Copy the listing verbatim, excluding any images found in it.

________

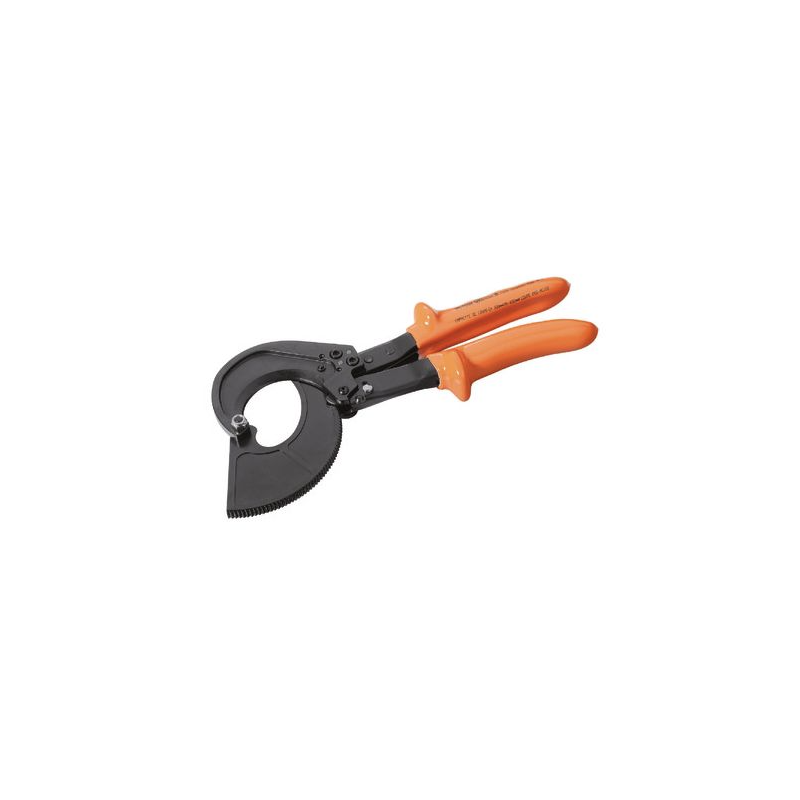 KS TOOLS - Coupe-câble isolé à cliquet - capacité 52 mm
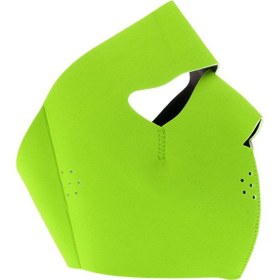 Resim Dolıty Neopren Bisiklet Yarım Yüz Maskesi Filtre Nefes Yeşil Yeşil 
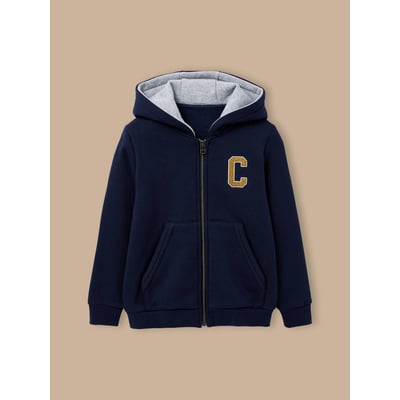 Sweat zippé à capuche CYRILLUS
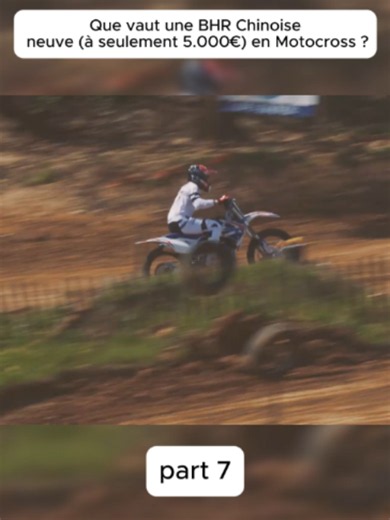 BHR chinoise 5.000€ en motocross : vaut-elle le coup ?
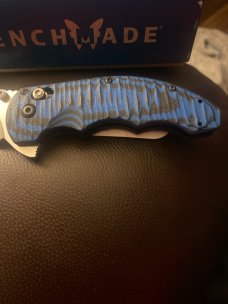 New Benchmade 300-1 Axis Flipper BlueClass 154CM Manual Open With Belt/Pocket Clip New In Box New Benchmade 300-1 Axis Flipper BlueClass 154CM Manual Open With Belt/Pocket Clip New In Box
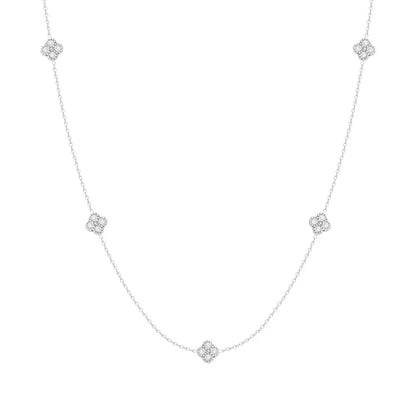 Lucy Necklace - Silver - Necklaces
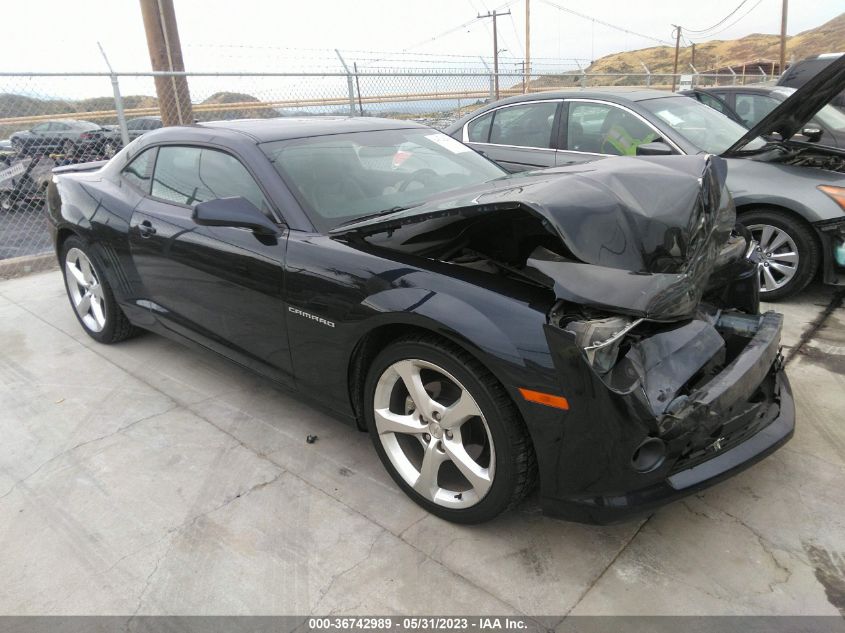 2015 CHEVROLET CAMARO LT - 2G1FF1E30F9173221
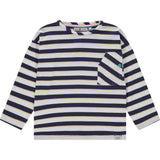Striped Long Sleeve T-Shirt by Stains & Stories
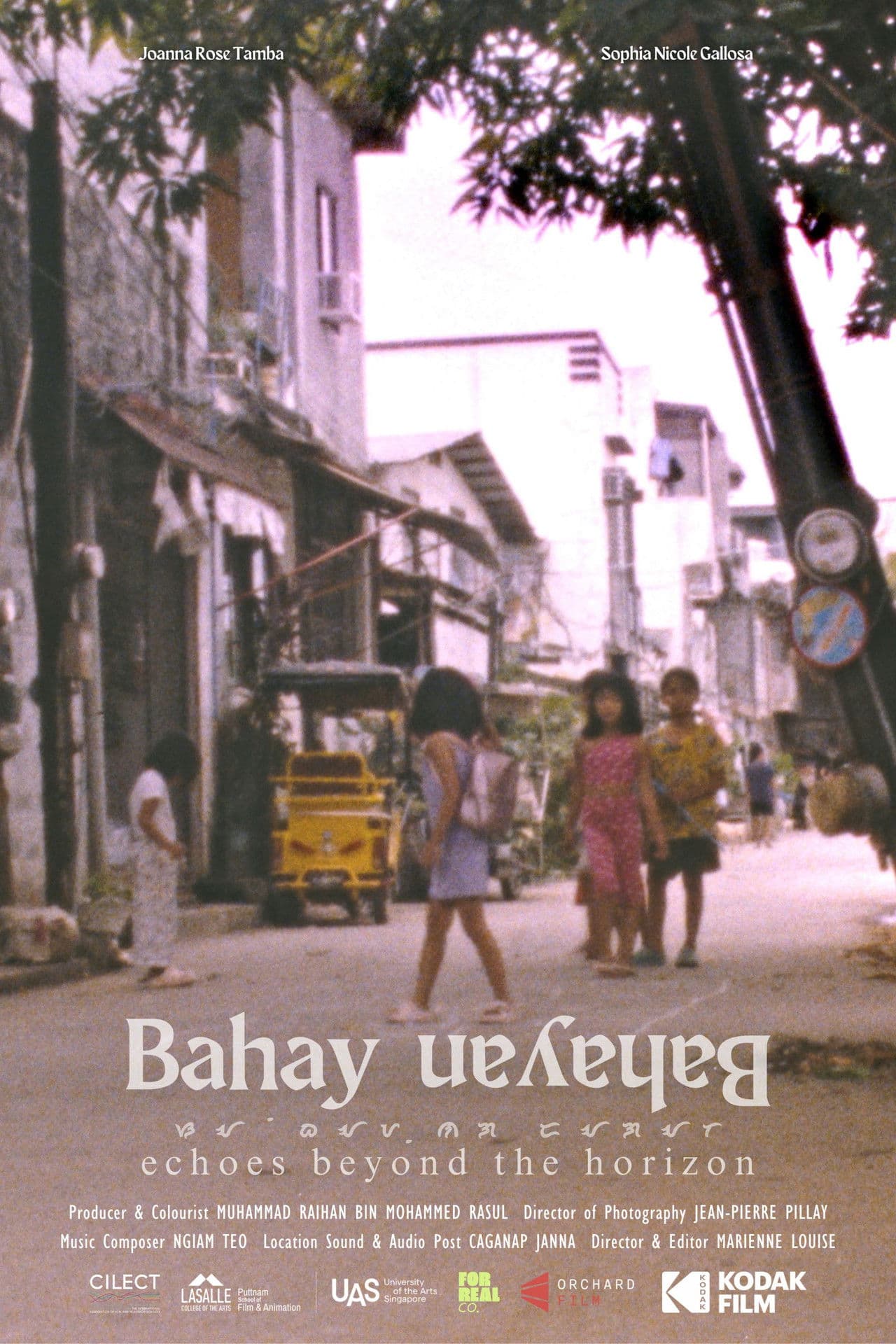 Poster do filme Bahay-Bahayan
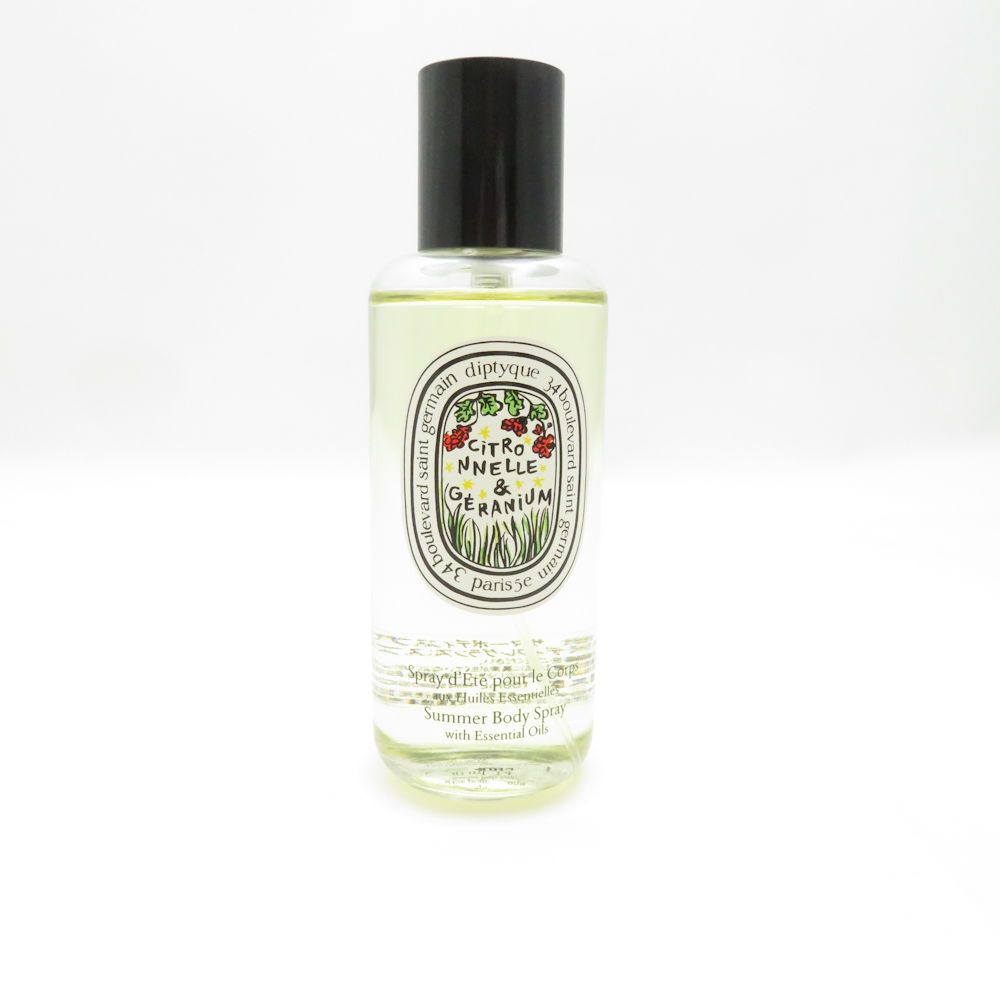 美品 diptyque ディプティック シトロネル サマーボディスプレー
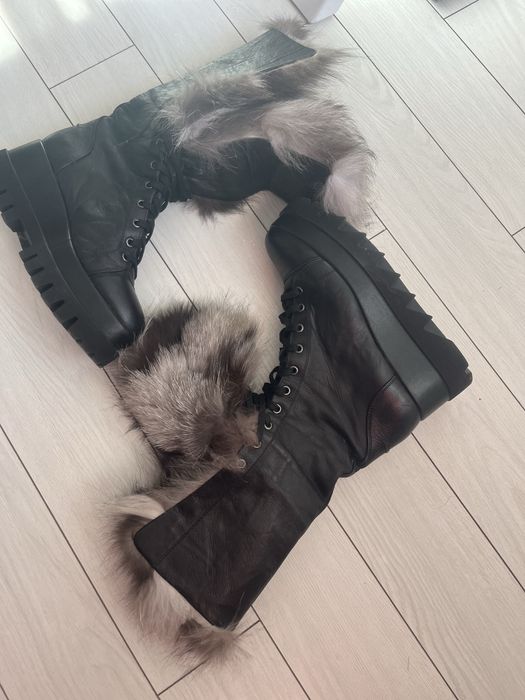 Нови Дамски кубинки естествена кожа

________

**SOLVED PROBLEM:**
 KS TOOLS - Coupe-câble isolé à cliquet - capacité 52 mm
 Resim Dolıty Neopren Bisiklet Yarım Yüz Maskesi Filtre Nefes Yeşil Yeşil 
 Sweat zippé à capuche CYRILLUS
 BHR chinoise 5.000€ en motocross : vaut-elle le coup ?
 New Benchmade 300-1 Axis Flipper BlueClass 154CM Manual Open With Belt/Pocket Clip New In Box New Benchmade 300-1 Axis Flipper BlueClass 154CM Manual Open With Belt/Pocket Clip New In Box
 Lucy Necklace - Silver - Necklaces
 2015 CHEVROLET CAMARO LT - 2G1FF1E30F9173221
Striped Long Sleeve T-Shirt by Stains & Stories
 Poster do filme Bahay-Bahayan
 美品 diptyque ディプティック シトロネル サマーボディスプレー
 Нови Дамски кубинки естествена кожа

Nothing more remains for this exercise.